7 avril 2023

La démonstration du Connecticut

Le Bois de Boulogne grouille manifestement de joueurs de baseball en cet été 1895. Parmi les équipes qui s’affrontent sous le soleil, il y a celle de l’école des Beaux-Arts composée d’étudiants Américains de toutes les disciplines artistiques et très vraisemblablement membres de l’American Art Association, et sa grande rivale qui regroupe des étudiants d’autres matières du Quartier Latin, appelée tout simplement Latin Quarter. Mais celle qui va semble-t-il défrayer la chronique et agiter quelque peu la communauté américaine de Paris à l’occasion de son bref passage dans la capitale est une équipe en provenance du Connecticut, menée par un certain Prof. Fox.

George L. Fox est à cette époque Recteur de la vénérable Hopkins Grammar School, la troisième plus ancienne école indépendante des Etats-Unis, fondée en 1660 par le Révérent John Davenport à New Haven, dans le Connecticut[i]. Habitué des voyages transatlantiques[ii], Fox a emmené dans son voyage sur le vieux continent des étudiants non pas (seulement ?) de Hopkins mais (aussi) de la fameuse Yale University, l’autre grande institution fondée en 1771 à quelques kilomètres de la première et qui fait depuis lors la fierté et la renommée internationale de la ville de New Haven. Fort logiquement, Hopkins et Yale entretiennent des liens très étroits et ont depuis toujours des histoires qui s’entremêlent. Constituée dès 1864, l’équipe des Yale Bulldogs[iii] fait partie de l’élite des sports athlétiques universitaires, surnommée la Ivy League. A l’issue du championnat de l’année 1895, elle affiche 20 victoires pour 9 défaites. Parmi ses joueurs réguliers, figurent le talentueux lanceur Frederick Bristol, dit Ed, Buckingham, qui signera un contrat professionnel avec les Washington Senators à seulement 19 ans à la fin du mois d’août, ou bien encore William Henry Murphy, surnommé Yale Murphy, qui jouera pour les New York Giants jusqu’en 1897.

Photo de deux joueurs de l’équipe de baseball de la Hopkins Grammar School en 1894. Charles Edward Ives, à gauche, étudiera par la suite à Yale, dont il sortira diplômé en 1898, et deviendra un illustre compositeur. Était-il du voyage à Paris en 1895 ?

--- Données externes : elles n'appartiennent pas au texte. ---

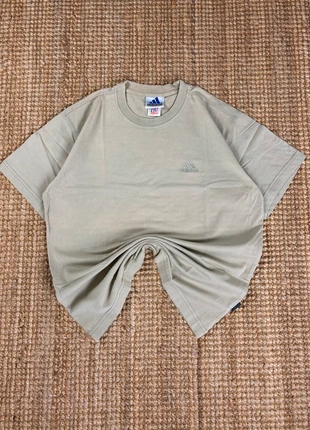 Tshirt Manches Courtes Beige Brodé Adidas Vintage 90s Taille L, marke: adidas, zustand: Sehr gut, größe: L / 40 / 12, 20,00 €, 21,70 € beinhaltet Vinted-Käuferschutz Pro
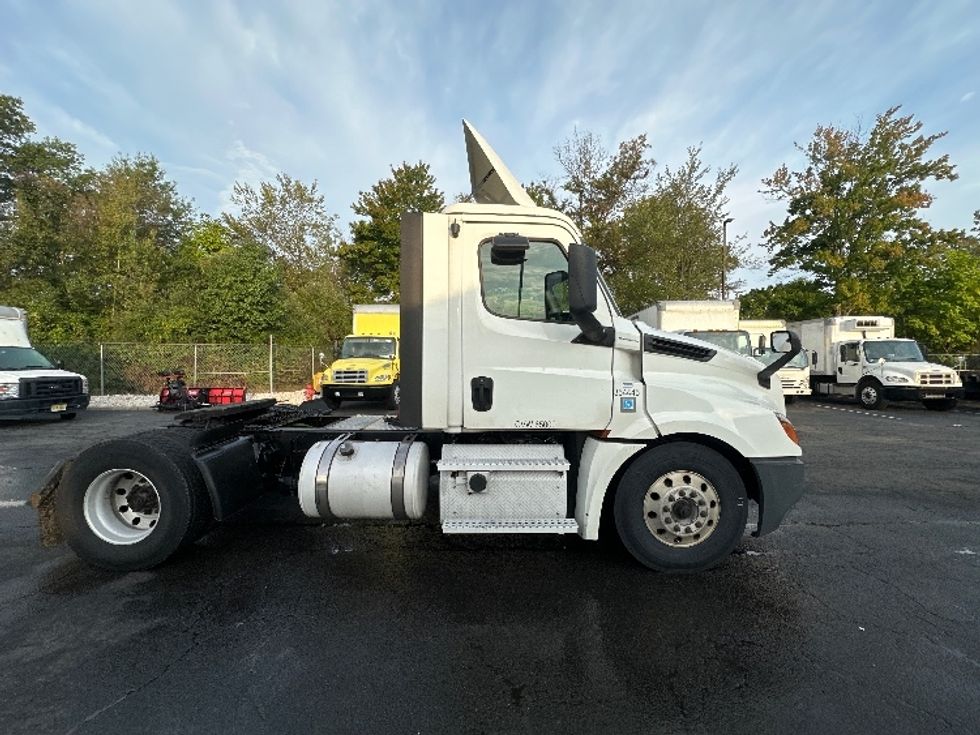 Day Cab Tractor-Heavy Duty Tractors-Freightliner-2020-T12642ST-Parsippany-NJ-499,398\n\t\tmiles-$ 31,500 - Image 8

Que sait-on de la raison officielle de la venue de Fox à Paris ? Assez peu de choses en vérité et la presse américaine ne fait nullement écho de ce voyage, mais une information de taille est dévoilée dans un article du Figaro, qui fournit un premier indice : Fox serait « un des amis du baron Pierre de Coubertin », secrétaire général de l'Union des Sociétés Françaises de Sports Athlétiques (U.S.F.S.A.). Ceci est parfaitement plausible lorsque l’on sait que Coubertin s’est rendu plusieurs fois outre-Atlantique et, dans le cadre de la préparation du Congrès de Paris qui rétablit les jeux Olympiques en Sorbonne en juin 1894[iv], notamment en 1893. En cette occasion précise, il est avéré que Coubertin assista au match annuel de football (américain) disputé entre les universités de Princeton et de Yale[v]. Il n’est absolument pas exclu que Fox et Coubertin se soient rencontrés lors de ce séjour, se soient par la suite revus à Paris en juillet 1894, lors de la venue de Fox en France, et aient mis sur pied une démonstration du baseball plus aboutie que celle faite lors du Congrès.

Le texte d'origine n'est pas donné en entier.